The process of developing my photo essay over the course of two months was an interesting one. For worse or for better, very little of my original idea survived to the final stages of the process.
If this project taught me anything (in fact, it taught me many things), it is that sticking to your original vision of a final product can actually limit its development. As my Digital Layout professor KC Witherell says, “Don’t get married to an idea.” This project, like all others at Parsons, put me to the test: could I gracefully allow my ideas and my work to change from my original vision?
When we were first assigned the project, I had my heart set on photographing the performers who jump on the subways and dance on the poles; I saw them everywhere I went during my first month in New York, and I thought that the way the performers affected the body language of the subway riders was very interesting. People immediately cast their eyes to the floor, to the wall, anywhere but at the performers. By betraying even the slightest hint of amusement or attention, it was as if the subway riders were entering into a contract with the performers: you must tip us.

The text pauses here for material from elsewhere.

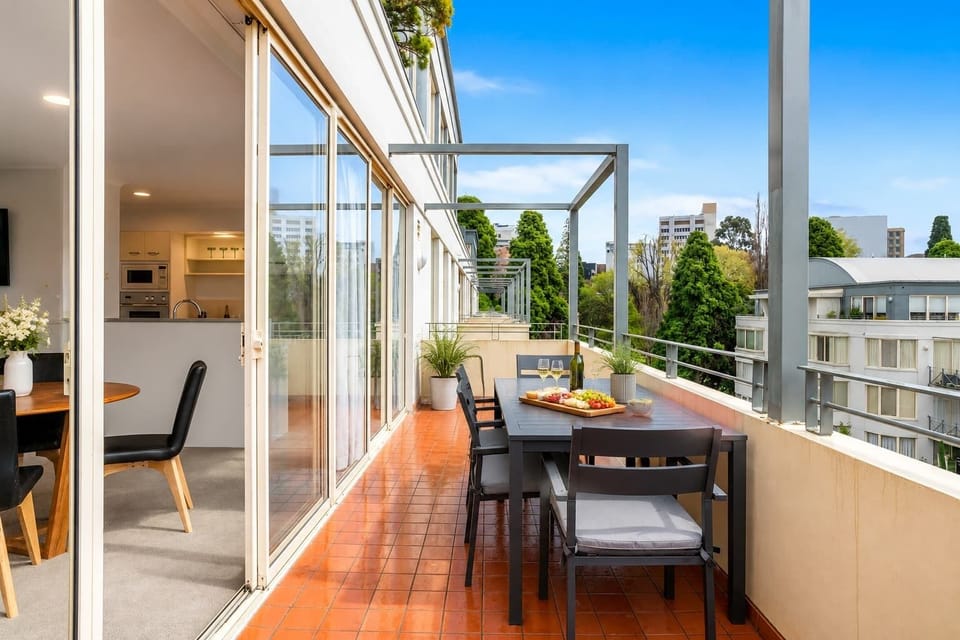 Your private outdoor entertaining area is ideal for morning coffee, alfresco dining or relaxing with a glass of Tasmanian wine.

Alas, the very day I decided to photograph the contrast between the performers’ body language and the subway riders’ body language was the last day I saw the subway performers until–get this–3 days after the final photo essay was due. I spent the first weekend of the project riding around the city for hours until finally I decided to cast a wider net and photograph performers anywhere I found them, and any form I found them. I photographed violinists, break dancers, saxophonists, children’s entertainers, bands; everyone I could find. I tried to get close-ups of the performers’ faces and the spectators’ faces, looking for contrasts.
After the first critique with Michael Durham, former photojournalist at Life Magazine, it was decided that the close-ups weren’t really working, and in fact the most interesting photos were of the breakdancers. Photos from days of photographing were discarded.

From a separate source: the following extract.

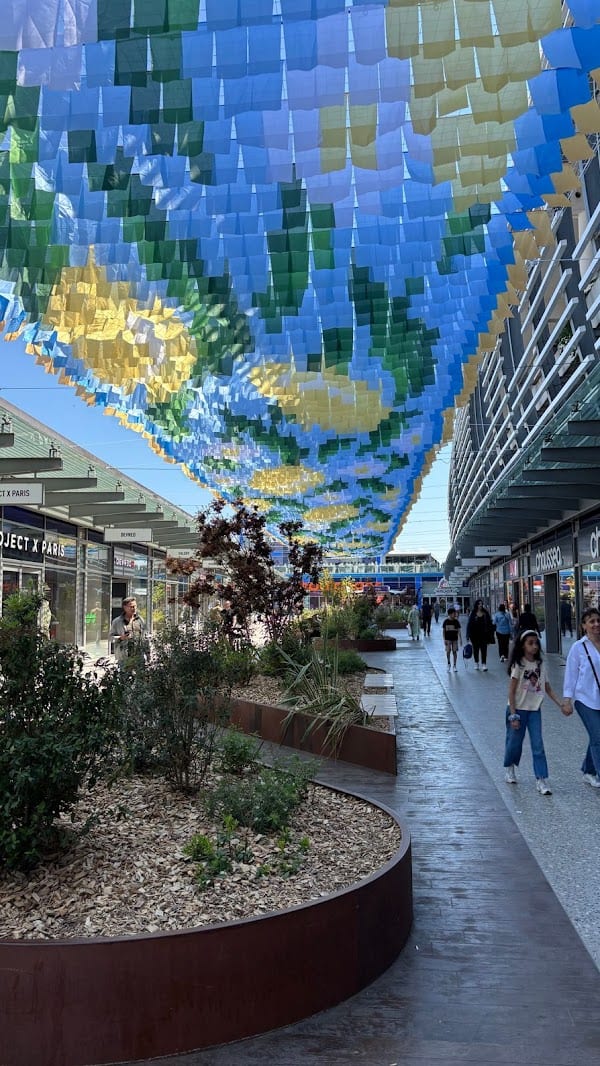 Restaurant Carré de soie à Vaulx-en-Velin, France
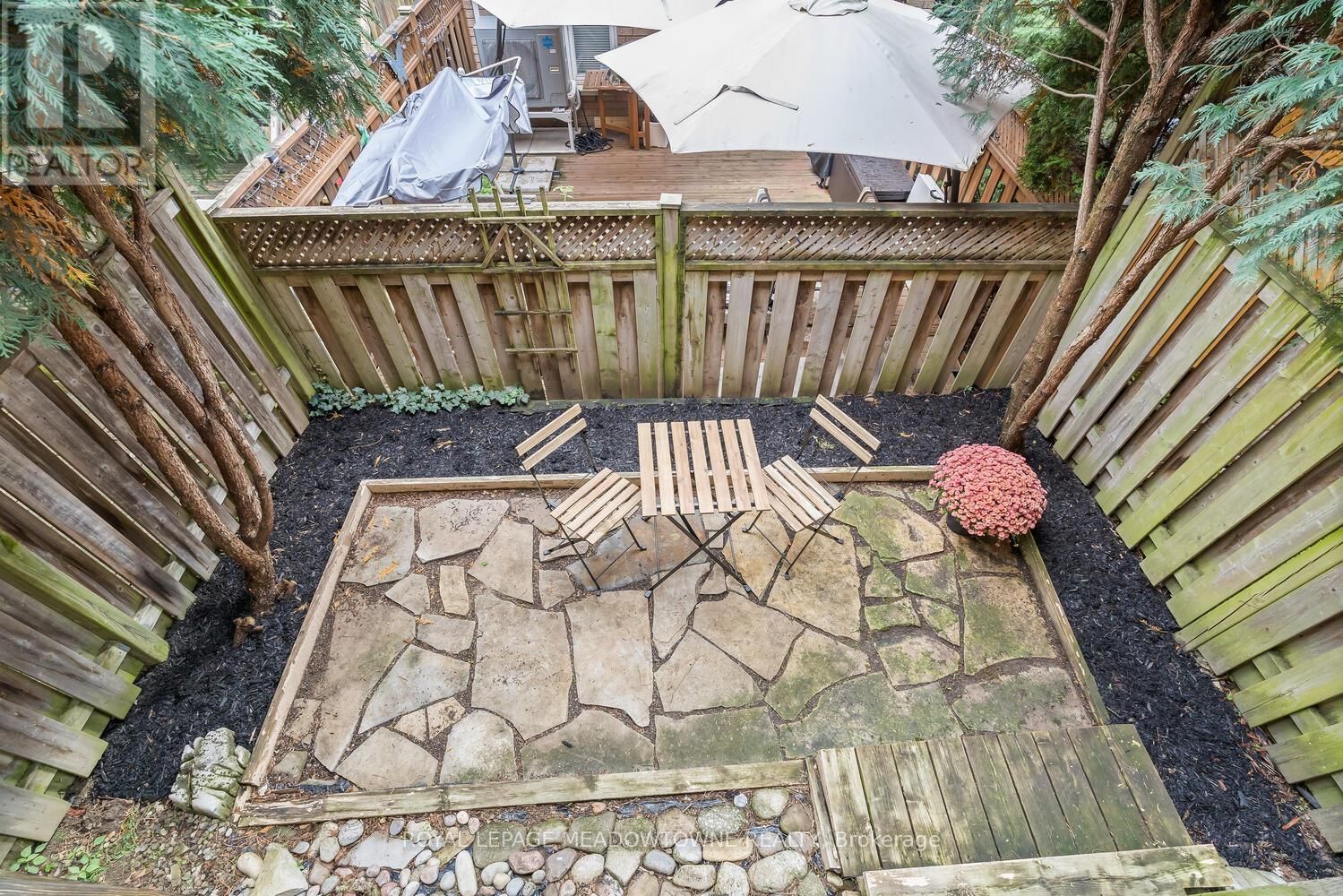 139 HARBOURVIEW CRESCENT Image 36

At that point, too, I needed to come up with a concept for the text that would accompany my photos when they were bound into my final book. Luckily, with inspiration from Michael Durham, the idea to interview the breakdancers for my text came quickly, and the following week I went back to City Hall where I had initially seen the street performers to ask some questions. After weeks of observing street performers, I had grown very curious about the lives they lead.
When I got to City Hall, I saw that many of the performers I had originally photographed were there again in the same spot, nearly a month later. I watched a performance, took some photos, and then approached some of the men for an interview. I am naturally shy, so the thought of choosing people as my subjects in the first place had been a bit nerve-racking; the thought of interviewing my subjects was even more so. Ultimately, though, I’m so glad I chose to do these things for my work, because the results were so rewarding. This is the work that I’m most proud of (so far) at Parsons.
With my photos taken and text written, I set about the task of laying out my book and then binding it. This took some weeks of revision as well. Some photos of my mock-ups:
I decided to make my book into a circle accordion. That way, my book would fit neatly into a cover and could be pages through as an ordinary book, but could also be displayed in a circle to mimic a street performance: photographs of performers in the center; spectators circling around. I had to scale my book down slightly for practical reasons. Finding reasonably priced and manageable ways to print a document that’s 6.25 inches by 85 inches was unsurprisingly a bit of a mission!
Here are some photos of the (almost) final version (small refinements will be made before the end of the semester):
Though the process was long, this was a project that I enjoyed from start to finish, and learned many things along the way. I discovered that I love bookbinding, and that interviewing subjects isn’t half bad either. I’m looking forward to producing many more photo essays in the future!